Interview Prompt
Design Shopping Cart System.
Clarifying Questions (ask before designing)
| Question | Why it matters |
|---|---|
| Which of these is highest priority: Guest vs logged-in cart merge, Cart ↔ inventory sync, Pricing at checkout? | Forces scope negotiation — senior candidates trim before drawing boxes. |
| What scale should we design for — DAU, QPS, data volume? | Drives every capacity decision; shows structured thinking. |
| What are the read vs write patterns on the critical path? | Determines caching, DB choice, and replication topology. |
| What consistency and durability guarantees are required? | Separates strong-consistency paths from eventual ones — a senior differentiator. |
Scope
In scope
- Guest vs logged-in cart merge
- Cart ↔ inventory sync
- Pricing at checkout
- Session management
- Capacity estimation with shown math
Out of scope (state explicitly)
- Recommendation engine (#48)
- Review/rating system (#70)
- Warehouse management (WMS) internals
Assumptions
- Clarify scale (DAU, QPS, data volume) for shopping cart system in the first 5 minutes
- Standard reliability target 99.9%–99.99% unless problem implies higher (payments, booking)
- Managed cloud services (RDS, S3, Kafka, Redis) are acceptable building blocks
These foundational concepts underpin the patterns used in this problem.
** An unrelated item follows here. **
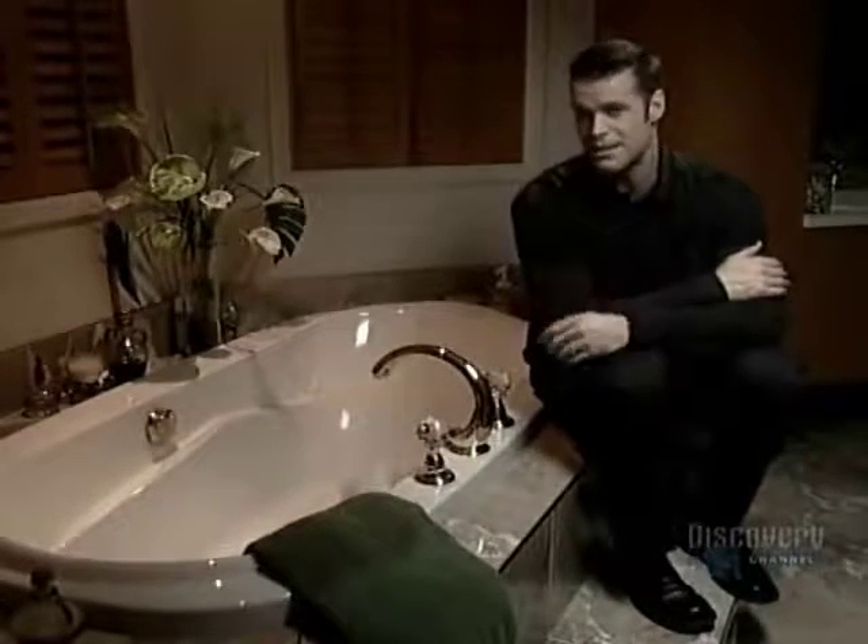Sometimes taking a bath is a necessity, but soaking in today's sleek bathtubs can also be an experience in supreme luxury.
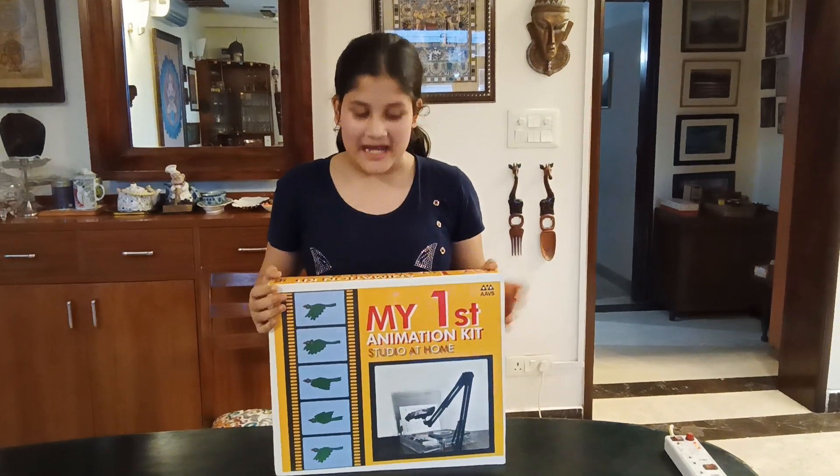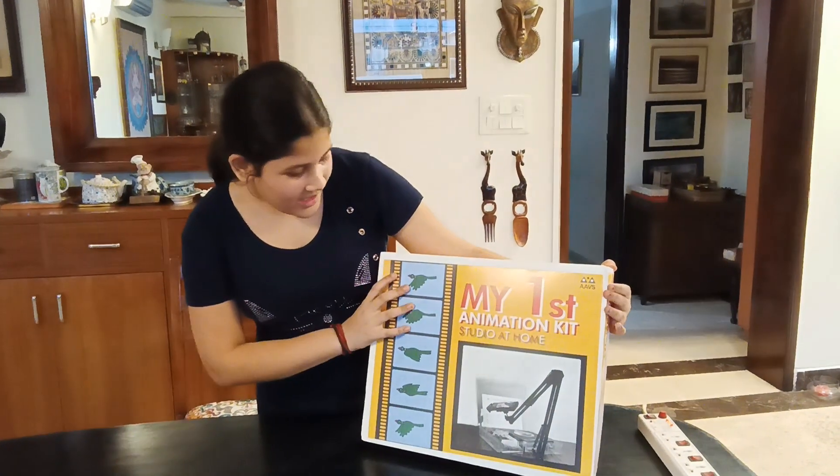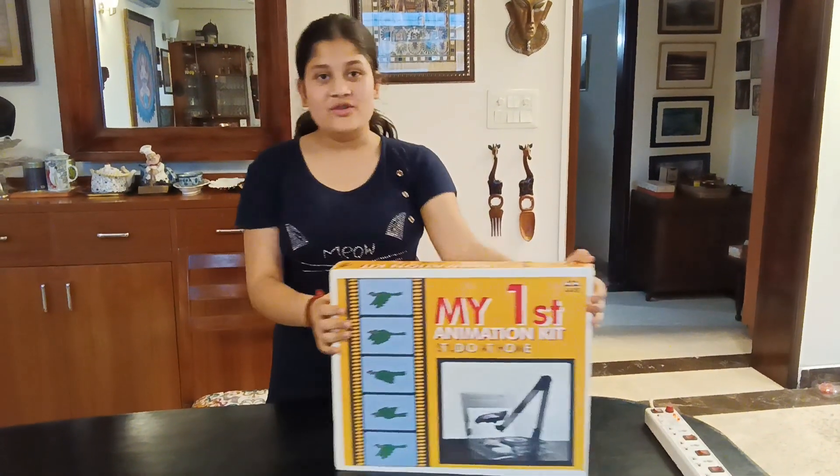I just got my first animation kit. I am so excited. I will make some interesting films. Just you wait and watch.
Review them before deep-diving into component-level trade-offs.
- Add / remove items: Add products with quantity; update quantity; remove items
- Persist cart across sessions: Logged-in user's cart survives app close, device switch
- Guest cart: Visitors can add items without login; merge cart on sign-in
- Price & availability validation: Re-validate prices and stock at checkout (cart may sit for days)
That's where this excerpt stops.